I do have a couple of criticisms:  one, it was either in the prologue or early in part I where the author states he wants to move away from those studies that use too few bodies (as in people) for their sample, citing research where perhaps only one individual was used or maybe less than twenty.  Yet as I read on, I found him talking about studies where they used, oh twenty eight people, or maybe forty.  I questioned the statistical validity of those samples in light of the former statement (assuming I read that first statement correctly) and wondered if the experiments had been repeated.  That's where you'll find the good science - can those studies and the results be repeated. 

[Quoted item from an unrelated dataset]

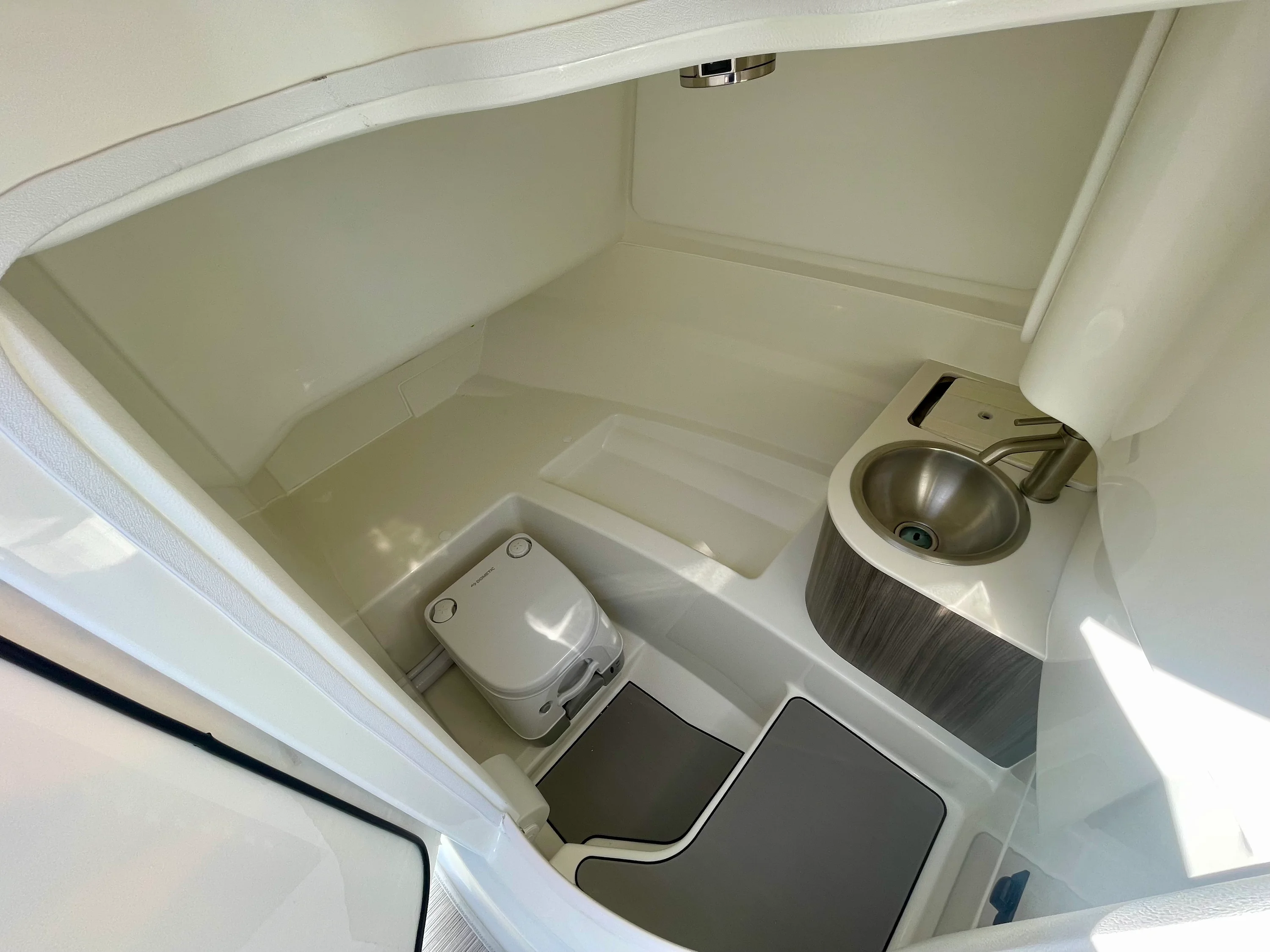 2026 Sea Ray SDX 250 Outboard Image Thumbnail #13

My other criticism was he seemed to focus on debunking some of the more outlandish claims of yoga, using one example, that established yogis can stop or re-start their hearts (emulating savasana, or corpse pose).  Now this is just my opinion but even for as much as yoga can claim to do, that one I just never quite believed.  Perhaps it needed debunking because it's rooted in yogas deep "traditions", but I had my doubts. 

So far this book is very easy to read, it doesn't become bogged down in technical details and he interjects enough stories to keep the pacing satisfactory.